Applying enquo functions to multiple columns of a dataframe

Hello!

I am trying to streamline some dplyr code where I have repeated a set of calculations on a long list of variables in a dataset. This is my first reprex, so hopefully it conveys where I am at using the iris dataset.

library(tidyverse)

get_max_min <- function(df,feature) {
  
  feature <- enquo(feature)
  feature_name <- quo_name(feature)
  
  df %>% 
    group_by(Species) %>% 
    summarize(!! paste0("max_", feature_name) := max(!! feature),
              !! paste0("min_", feature_name) := min(!! feature))
  
}

iris %>% get_max_min(Sepal.Width)
#> # A tibble: 3 x 3
#>   Species    max_Sepal.Width min_Sepal.Width
#>   <fct>                <dbl>           <dbl>
#> 1 setosa                 4.4             2.3
#> 2 versicolor             3.4             2  
#> 3 virginica              3.8             2.2

I would now like to run get_max_min on each of the variables in iris (that is not species) and combine everything into one table grouped on species.

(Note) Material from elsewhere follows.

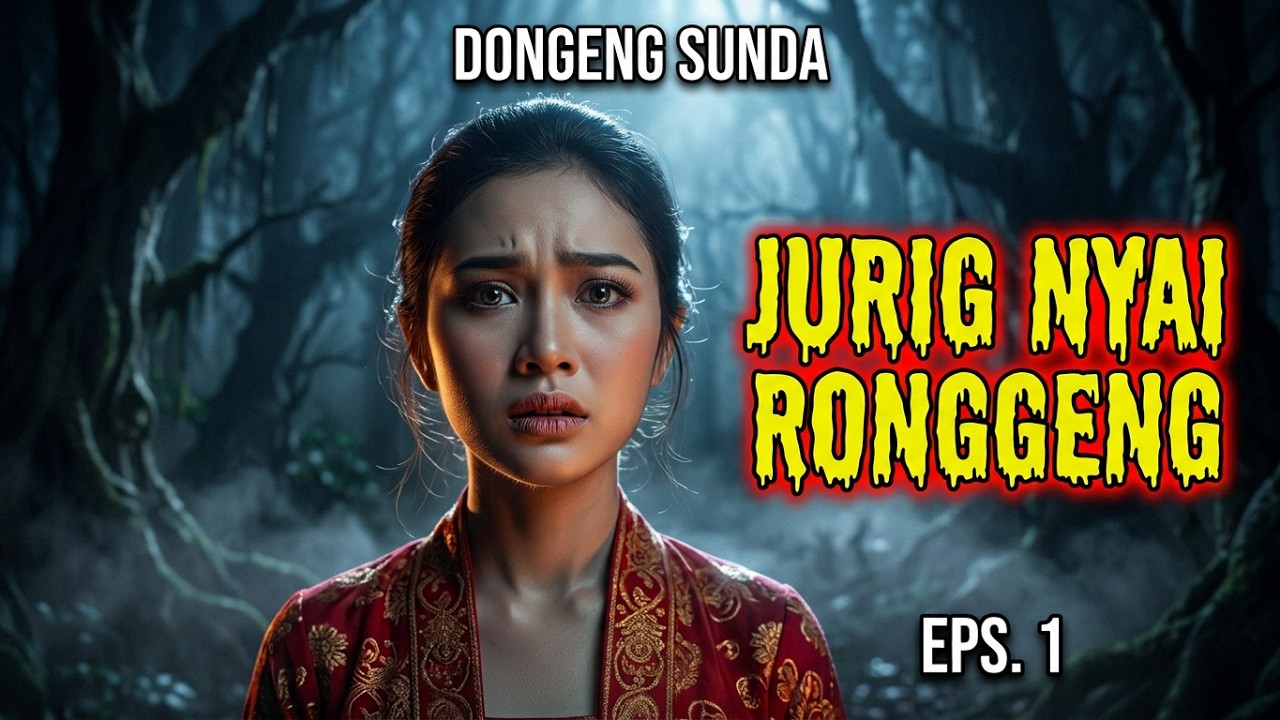 Jurig Nyai Ronggeng Eps.1 - Dongeng Sunda @DongengMangAnggang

The actual calculations I'm doing are a bit more verbose than this, so I realize that there may be a simpler way of doing max/min without all the enquo stuff. But just for the general strategy, is there a succinct way to apply a function of this style to a subset of the columns in a dataframe?

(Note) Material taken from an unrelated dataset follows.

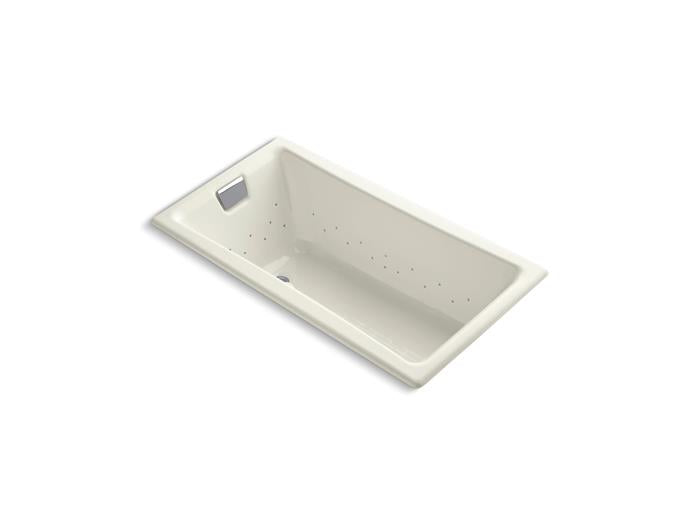 Kohler - Tea-For-Two 60 X 32 Inch Drop-In Heated Bubblemassage Air Bath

Is there some alternative strategy to this that anyone might recommend?

my approach trades away some control over the constructed variable name , but is quite straightforward...

library(tidyverse)
get_max_min <- function(df,...) {
  
  features <- enquos(...)
  df %>% 
    group_by(Species) %>% 
    summarize_at(.vars = features,
                 .funs = list(~max(.),~min(.)))
  
}

iris %>% get_max_min(Sepal.Width,Sepal.Length)

This topic was automatically closed 21 days after the last reply. New replies are no longer allowed.

I think I have sorted out a solution that works for my peculiar needs at the moment. The important thing for me was understanding that I can feed a string into !! sym(...) within the function call in order to get the quosure function to work like I was expecting it to.

So then I could create a dataframe with a list of all the permutations I wanted to look at, populate a list of dataframes within that in a loop, and then reduce all those seperate dataframes into one combined frame:

library(tidyverse)

get_max_min <- function(df,feature) {
  
  feature <- enquo(feature)
  feature_name <- quo_name(feature)
  
  df %>% 
    group_by(Species) %>% 
    summarize(!! paste0("max_", feature_name) := max(!! feature),
              !! paste0("min_", feature_name) := min(!! feature))
  }

# Going to construct permutations of object and measure to input to get_max_min
object <- c("Sepal", "Petal")
measure <- c("Width", "Length")

dfs <- expand.grid(object = object,measure = measure)
dfs <- dfs %>% mutate(features = paste0(object,".",measure ))

for (i in seq_along(dfs$features)) {
  txt_feature <- dfs$features[[i]]
  dfs$Max_Min_Output[[i]] <- get_max_min(iris, !! sym(txt_feature))   # THIS IS THE THING GLUED IT TOGETHER
}

df_combined <- reduce(dfs$Max_Min_Output, full_join, by = "Species")

IRL I'm going to end up with ~16 features summarized in a bunch of different ways taking max and min and snapshot values when varying conditions are met and then aggregated into common buckets. The iris example probably doesn't convey how messy it would get, but I think this should work for me.

EDIT to say: as I look at this I wonder if I have done something incredibly convoluted and unnecessary by taking !! enquo(!! sym()). I started out trying to rewrite a bunch of code in this way as the requirements of the project keep expanding (and my code as been doubling each time). I also wanted to get a handle on quasiquotation. It's working now, but something about it feels not-quite-right. If anyone has any simplifying perspective on this it would be welcome. I'm not far into learning R and some of this stuff warps my brain.

Thank you for this approach. I didn't previously understand the power and flexibility of summarize_at and need to spend some time tinkering with this to see how I can get it implemented in my idiosyncratic data process. Will post an update at the end of the day...

Much appreciated!